Memory Requirements by Model Size

Understanding how much memory different models require is crucial for choosing what will actually run on your system. Here’s what I’ve learned from running various model sizes on different hardware configurations.

Model Size Basics

Models are measured in parameters (like 7B, 13B, 34B, 70B). More parameters generally mean better quality but exponentially more memory usage. The actual memory footprint depends on the quantization level used to compress the model.

Common Model Sizes:

  • 7B models: Good for most tasks, runs on modest hardware
  • 13B models: Better quality, needs more memory
  • 34B models: Significant quality improvement, requires substantial RAM
  • 70B models: Top-tier quality, needs high-end hardware

Memory Requirements by System

8GB RAM Systems

You’re limited to smaller models with aggressive quantization:

Model Quantization Memory Usage Performance
7B Q3_K_L ~4 GB Fast, basic quality
7B Q5_K_M ~6 GB Moderate, better quality
7B Q6_K ~7 GB Slower, good quality

Reality check: With only 8GB total RAM, you need to leave memory for your OS and other apps. Stick to Q3 or Q4 quantization levels.

16GB RAM Systems

The sweet spot for most users:

Model Quantization Memory Usage Performance
7B Q8_0 ~8 GB Fast, excellent quality
13B Q4_K_M ~8 GB Moderate, very good
13B Q5_K_M ~10 GB Good balance
13B Q6_K_S ~14-16 GB Near capacity, high quality

What works: 13B models with Q4 or Q5 quantization give you the best balance of quality and performance.

32GB RAM Systems

Comfortable running larger models:

Model Quantization Memory Usage Performance
13B Q8_0 ~16 GB Fast, maximum quality
34B Q4_K_M ~18 GB Good, significant upgrade
34B Q5_K_S ~24 GB Better quality
34B Q8_0 ~28-32 GB Near capacity, excellent

Sweet spot: 34B models with Q5 quantization offer excellent quality without maxing out your RAM.

64GB+ RAM Systems

Can handle the largest models:

Model Quantization Memory Usage Performance
34B Q8_0 ~32 GB Plenty of headroom
70B IQ2_M ~22 GB Experimental quantization
70B Q4_K_S ~35 GB Good balance
70B Q6_K_S ~40 GB High quality

GPU Memory Considerations

If you have a dedicated GPU, you can offload model processing to VRAM for much faster inference:

4GB VRAM: Can partially accelerate 7B models 8GB VRAM: Good acceleration for 7B-13B models 16GB VRAM: Can handle 34B models with partial offloading 24GB+ VRAM: Full acceleration for most models

Practical Guidelines

Start Small: Begin with a 7B model to test your setup before moving to larger models.
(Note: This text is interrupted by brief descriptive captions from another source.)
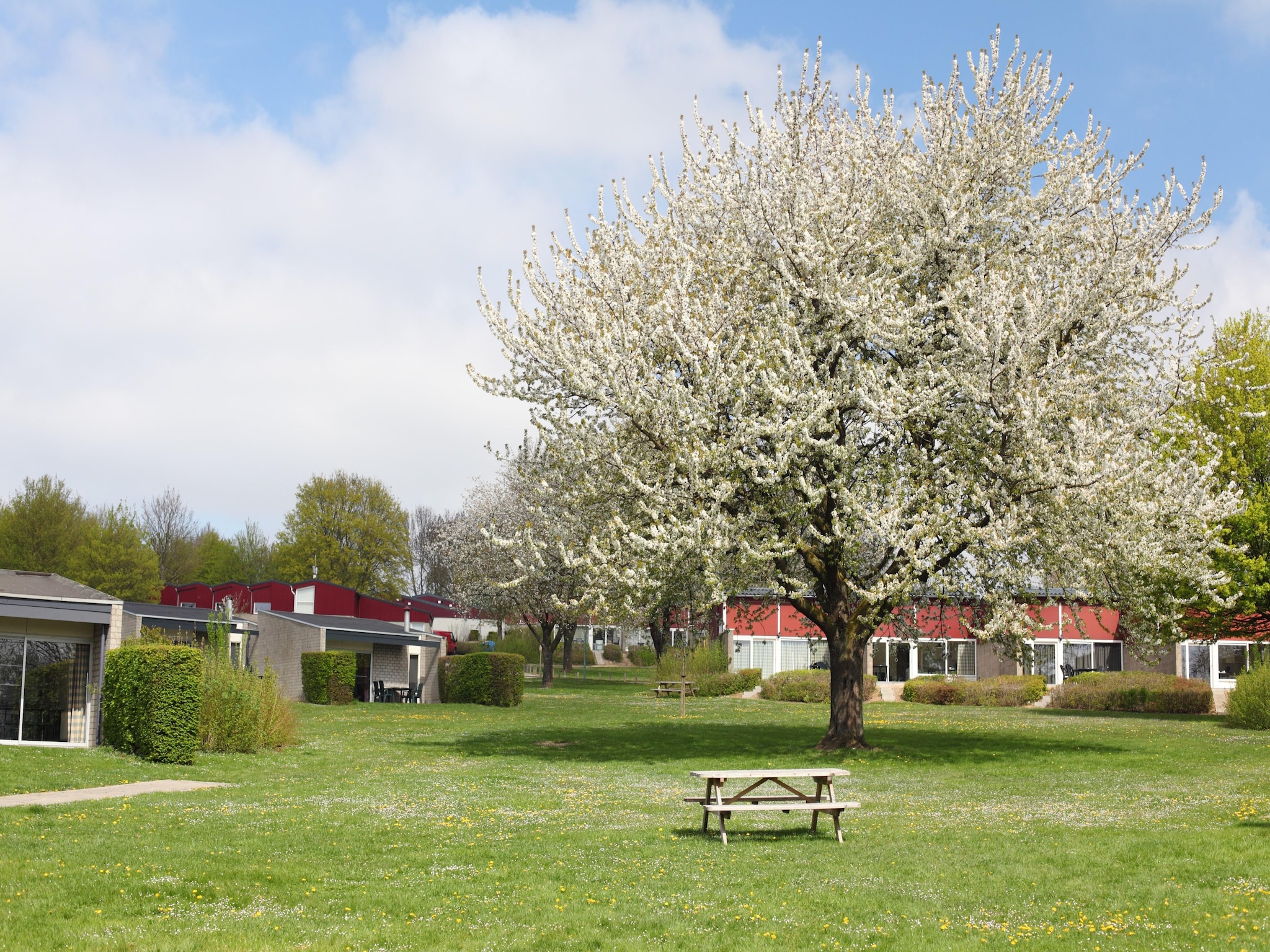 Vacation home Bungalowpark Schin op Geul 15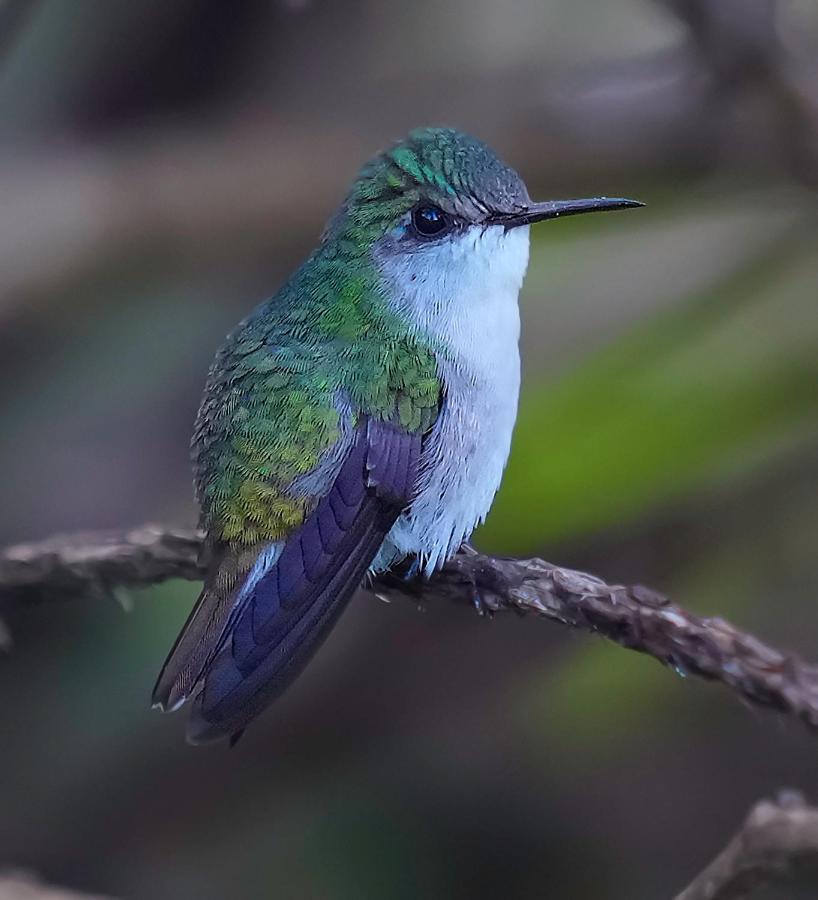 Arte De Plumas Birding Lodge Cartago Exteriér fotografie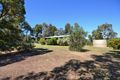 Property photo of 246 Gandini Lane Lima East VIC 3673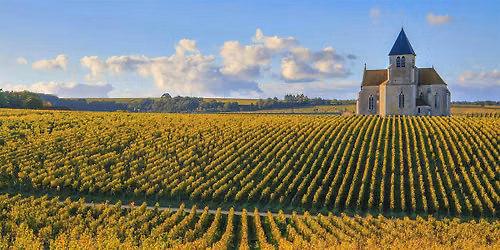 Wine 201: Burgundy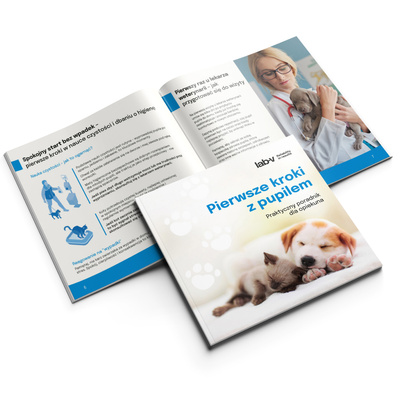 Mini poradnik "Pierwsze kroki z pupilem"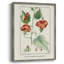 Reproduction encadrée Turpin Tropical Botanicals IV - bois massif-1403929374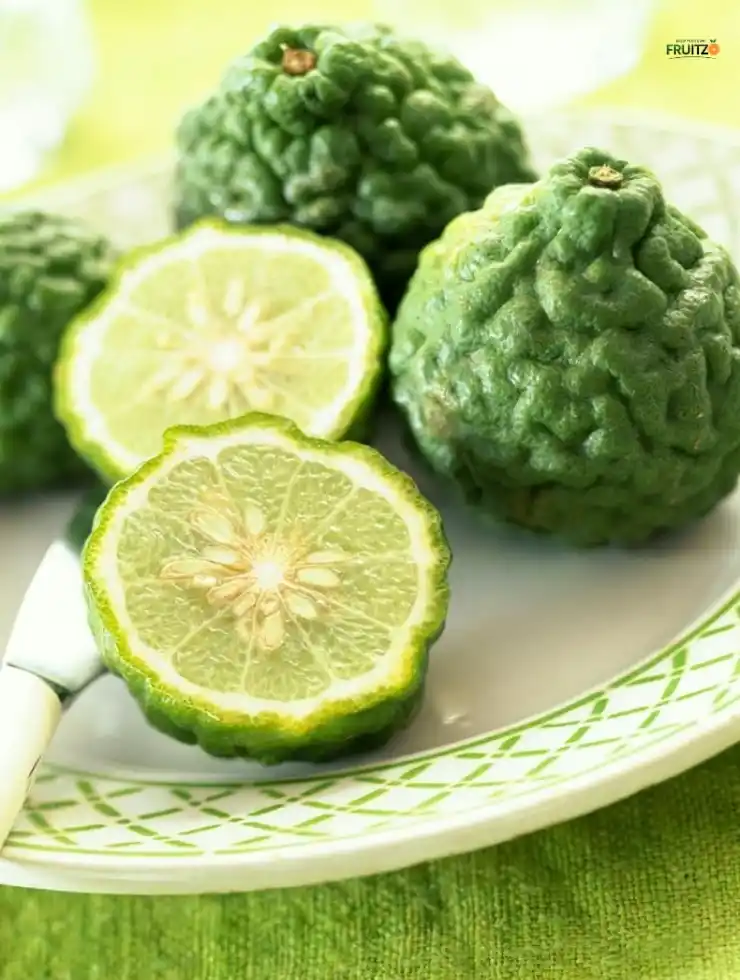 Kaffir lime Grafted Plant For Home | Terrace Gardening.png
Monitor Usage: Use task manager or system monitoring tools to watch actual memory consumption.

Leave Headroom: Don’t use 100% of your RAM - leave 2-4GB for the operating system and other applications.

Test Performance: Larger models aren’t always better if they’re too slow to be practical for your use case.

My Recommendations by System

8GB RAM: Stick to 7B models with Q4 quantization 16GB RAM: Use 13B models with Q5 quantization
32GB RAM: Go for 34B models with Q5 quantization 64GB+ RAM: Try 70B models or use 34B with maximum quality

The key is finding the largest model that runs comfortably on your system without causing slowdowns or instability.